Jako, że posiadam w zapasie drugi akumulator od sedana, którym na obecną chwilę nie jeżdżę to więc wstawiłem go do kombi, a Bannera wziąłem do domu na ładowanie, bo napięcie było poniżej 12.2 volta jak auto nie chciało zapalić. Ładowanie całą noc malutkim prądem, akumulator odłączylem w poniedziałek rano i do pracy pojechałem. Po przyjeździe po południu sprawdziłem napięcie wyjściowe i pokazało 13.01-13.02 V. Dziś sprawdziłem również niedawno, i dalej utrzymuje się na tym samym poziomie i zobaczymy, jak będzie dalej. Wnioskuję jednak, że akumulator nie jest uszkodzony, jak ponad dobę trzyma napięcie bez spadku ale trzeba obserwować.
Zdarzało się też, że auto stało czasami dwa-trzy tygodnie i akumulator zawsze ładnie kręcił i auto zapalało po tak długim czasie postoju.
Podobnie niestety traktowana była przeze mnie Centra w sedanie, którą wcześniej miałem, nie dożyła nawet 4 lat i ostatnio nawet po dłuższej jeździe rozrusznik ciężko kręcił zawsze i w końcu szlag ją trafił.

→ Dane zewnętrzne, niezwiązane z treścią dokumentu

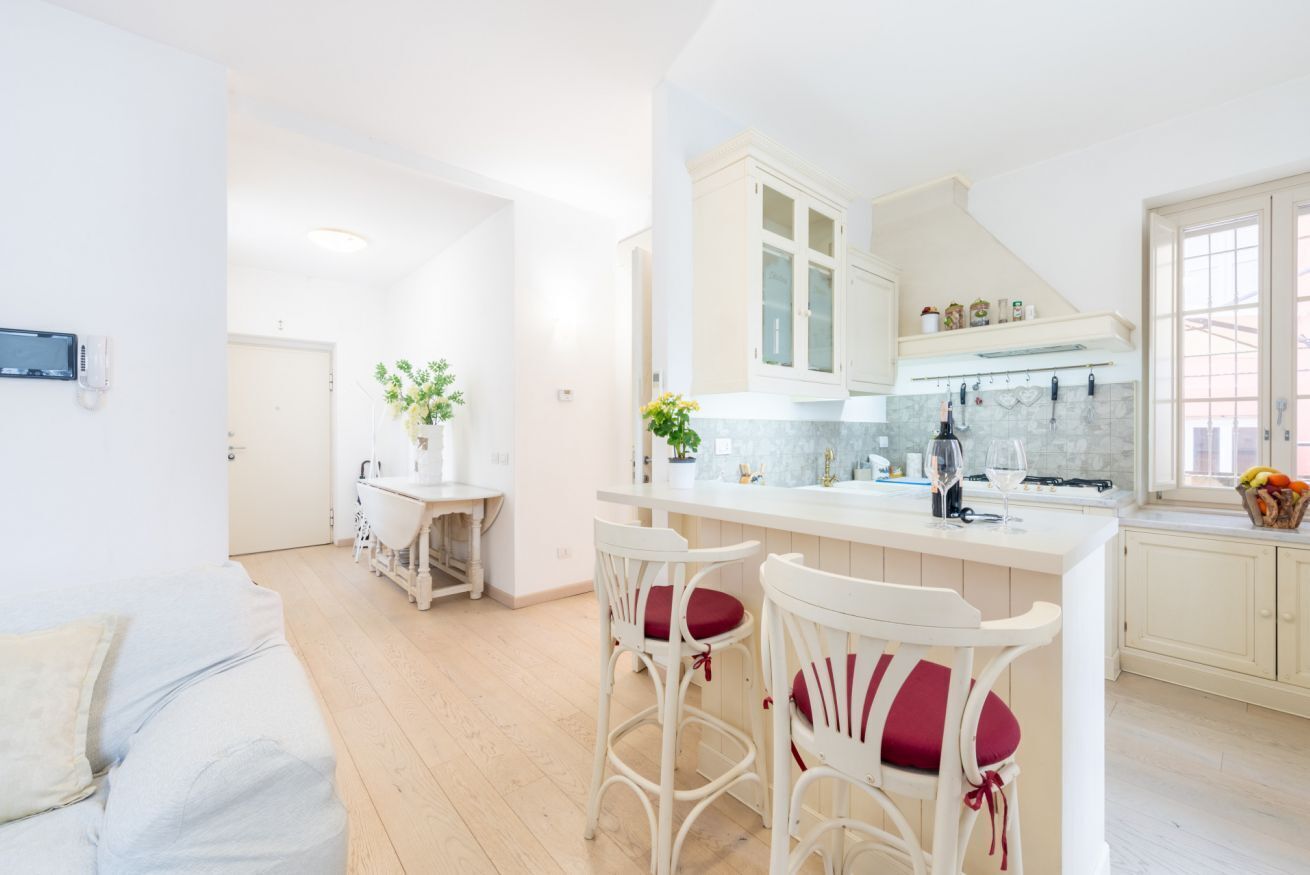 Una cucina moderna con mobili bianchi, un'isola centrale e sgabelli da bar.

Dlatego zainteresował mnie Banner i trochę sobie o tej marce poczytałem i wynika z tego, że swoją technologię dostarcza kilku markom aut i być może nawet akumulatory tej firmy (z tą albo inną nazwą) idą na pierwszy montaż w VW, Skodach i innych jeszcze markach. Tak wyczytałem przynajmniej z opisu jednej firmy, która zajmuje się dystrybucją kilku marek akumulatorów. W opisie też jest napisane, że te akumulatory również są dobrą alternatywą do aut azjatyckich.
Dlatego, jeśli mi ten Banner będzie dalej trzymal parametry i nie będzie tym samym problemu z rozruchem samochodu, to przy kupnie następnej baterii też na poważnie rozważę zakup Bannera, bo i wśród znajomych słyszę o tych akumulatorach dobre opinie.
I na tle akumulatora z sedana, ten Banner naprawdę jest ciężki więc, to może też jest na plus...
Tak się dzielę z Wami swoimi uwagami i spostrzeżeniami na temat tego akumulatora.
Żeby nie być gołosłownym, wstawiam ciekawy filmik:
Z tego materiału dowiedziałem się również, że mój Banner był wyprodukowany w 44 tygodniu 2016 roku, czyli obecnie ma skończone 4 lata mniej więcej.
/korzystamy z opcji "edytuj post", a nie piszemy post pod postem. Co jak co, ale były moderator powinien o tym wiedzieć.